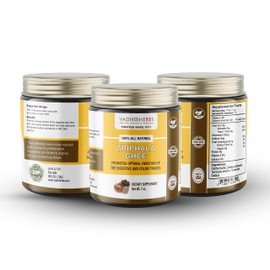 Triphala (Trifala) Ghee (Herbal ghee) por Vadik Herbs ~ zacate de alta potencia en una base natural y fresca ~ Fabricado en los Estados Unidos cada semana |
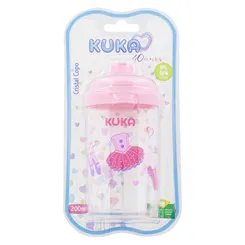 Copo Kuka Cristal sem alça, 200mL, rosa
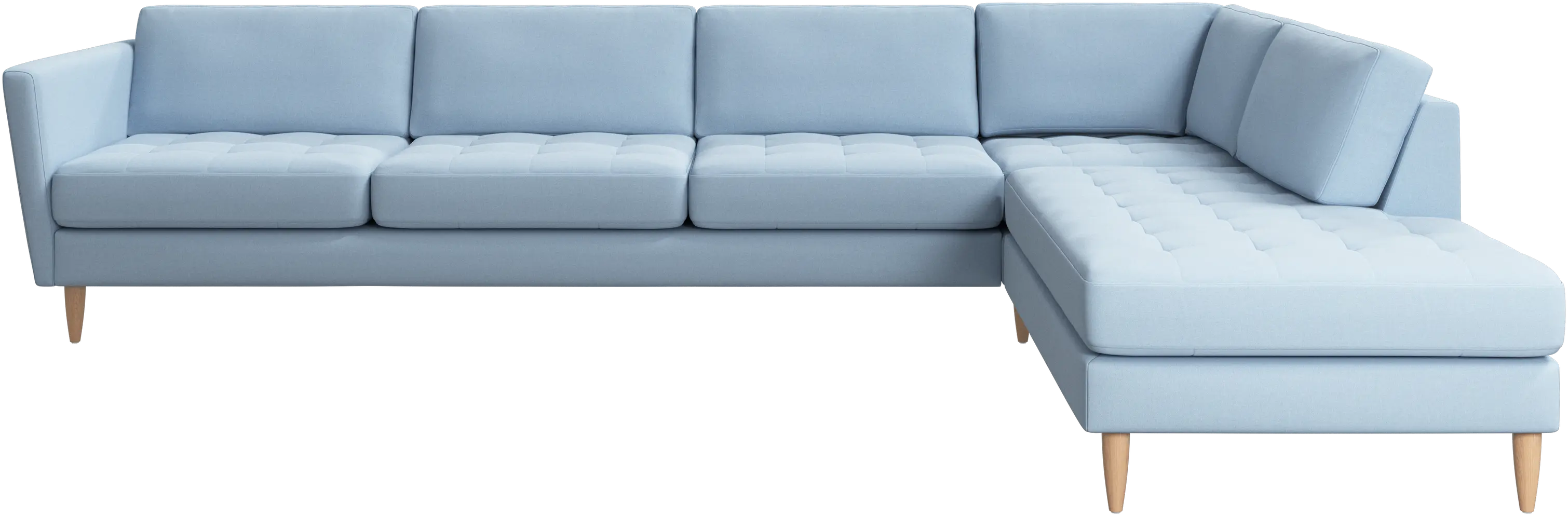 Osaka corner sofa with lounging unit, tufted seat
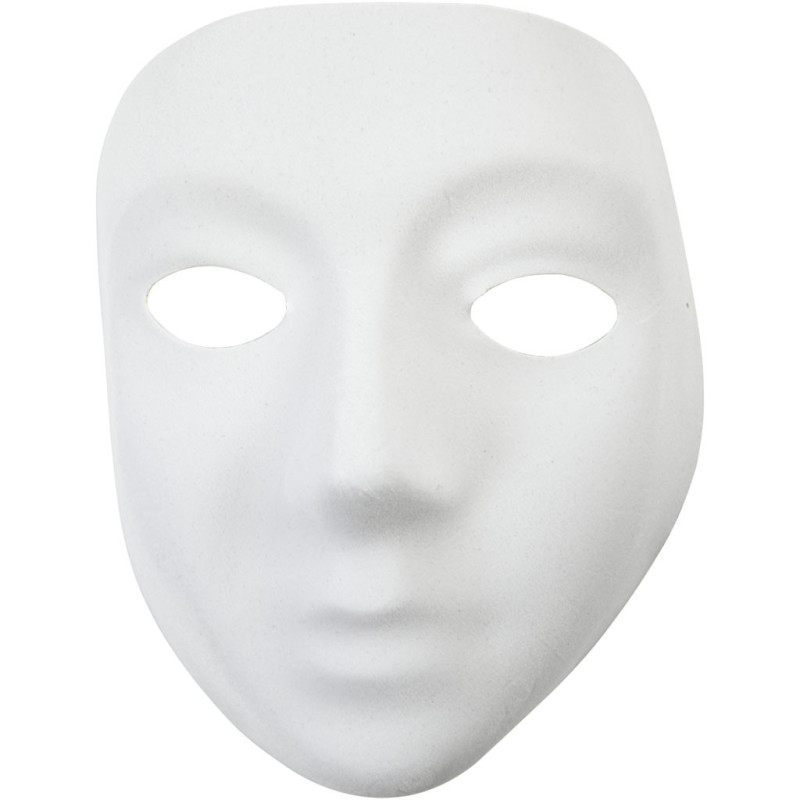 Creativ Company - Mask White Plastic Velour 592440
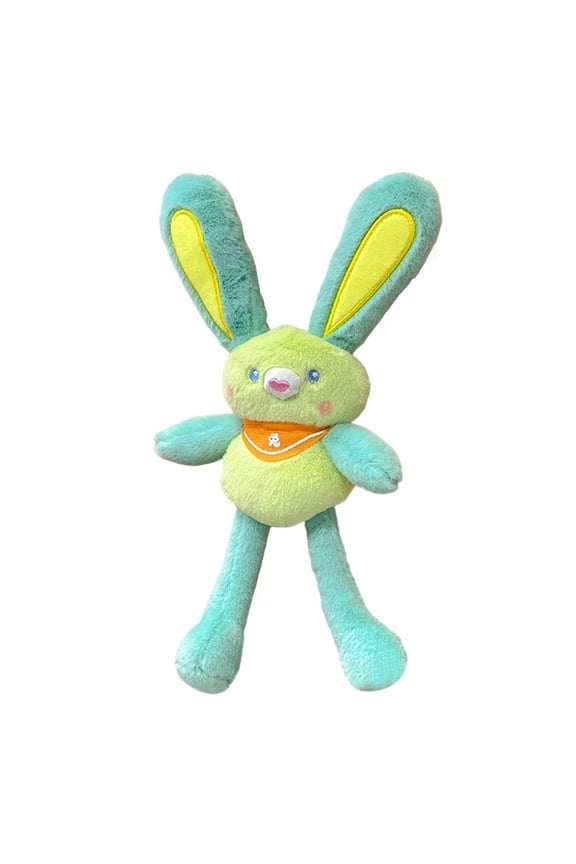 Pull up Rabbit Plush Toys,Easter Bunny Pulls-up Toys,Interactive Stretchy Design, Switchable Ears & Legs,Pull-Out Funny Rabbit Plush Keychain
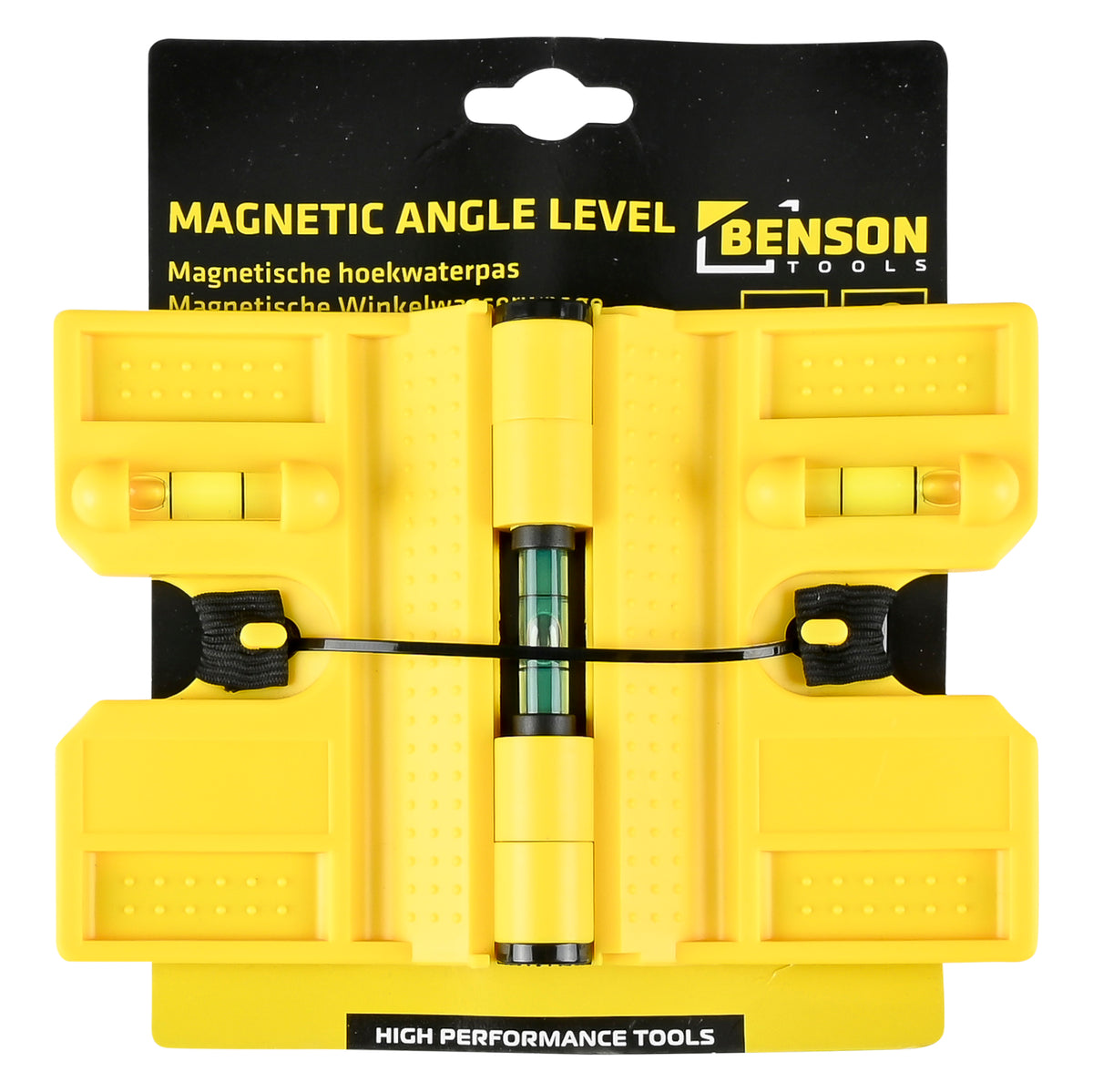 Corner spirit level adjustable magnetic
——
- [To do]: For this exercise, output only the lines from the one bearing "Osaka corner sofa" to the end of the material above, exactly as written, with pictures left out.

- [Answer section]:
 Osaka corner sofa with lounging unit, tufted seat
 Creativ Company - Mask White Plastic Velour 592440
 Pull up Rabbit Plush Toys,Easter Bunny Pulls-up Toys,Interactive Stretchy Design, Switchable Ears & Legs,Pull-Out Funny Rabbit Plush Keychain
 Corner spirit level adjustable magnetic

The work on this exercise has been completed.